Hyeonwoo Noh, Taehoon Kim, Jonghwan Mun, Bohyung Han
This is official source code for the paper entitled Transfer Learning via Unsupervised Task Discovery for Visual Question Answering, which proposes an algorithm for exploiting off-the-shelf visual data such as bounding box annotations or region descriptions for VQA with out-of-vocabulary answers. This repository includes all information reproducing results presented in the paper. It includes dataset, model, hyper parameters and plotting results.
If you find this open source release useful, please reference in your paper:
@inproceedings{noh2019transfer,
title={Transfer Learning via Unsupervised Task Discovery for Visual Question Answering},
author={Noh, Hyeonwoo and Kim, Taehoon and Mun, Jonghwan and Han, Bohyung},
booktitle={Proceedings of the IEEE conference on computer vision and pattern recognition},
year={2019}
}
- python2.7
- NVIDIA GPU with at least 1.2 GB memory
- At least 128 GB ram (for preloading all features into memory for faster learning)

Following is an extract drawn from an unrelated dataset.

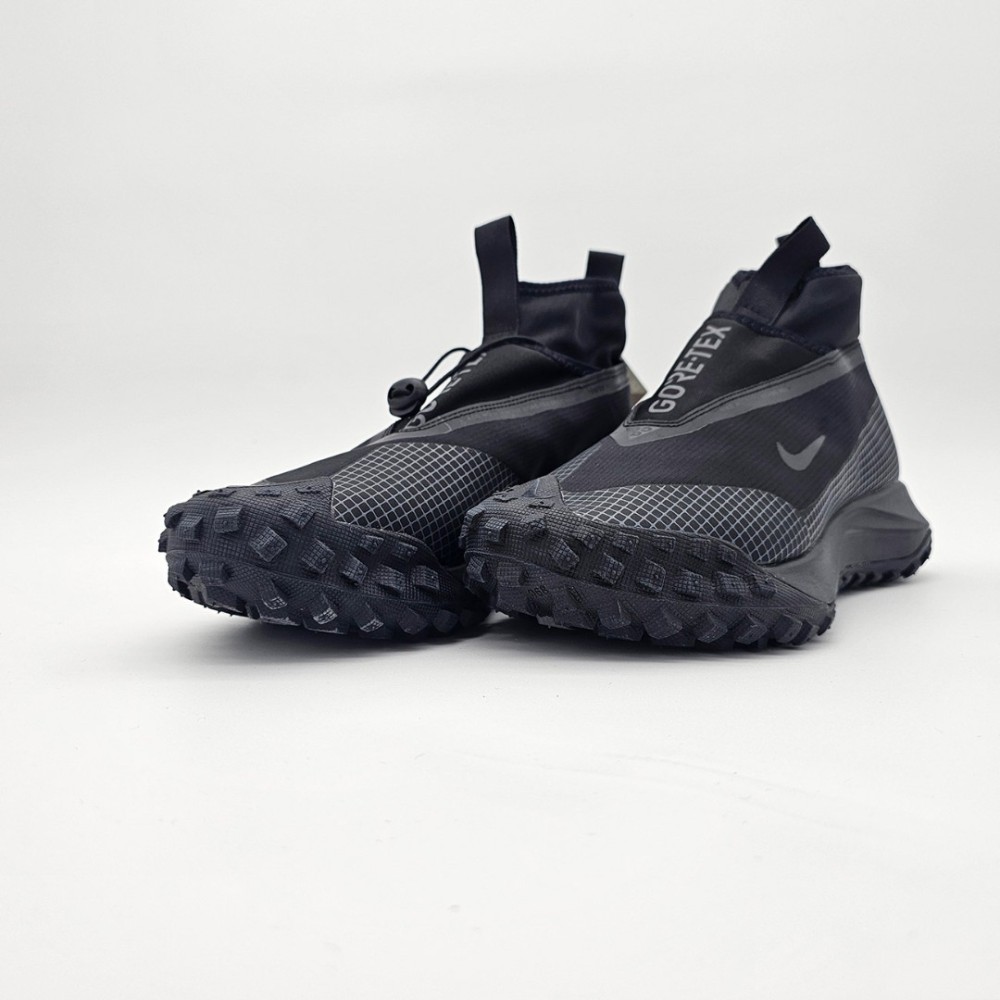 Nike Mountain Fly Gore-Tex Nike Mountain Fly Gore-Tex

This code was tested under ubuntu 16.04 based on the following virtual environment setting. We use a virtual environment with python 2.7.
virtualenv --system-site-packages -p python2.7 ~/venv_vqa_task_discovery
Activate the virtual environment with the command
source ~/venv_vqa_task_discovery/bin/activate
The python dependencies are installed by running the script
pip install -r requirements.txt
Instructions for preparing datasets for pretraining and transfer to VQA is described in this document.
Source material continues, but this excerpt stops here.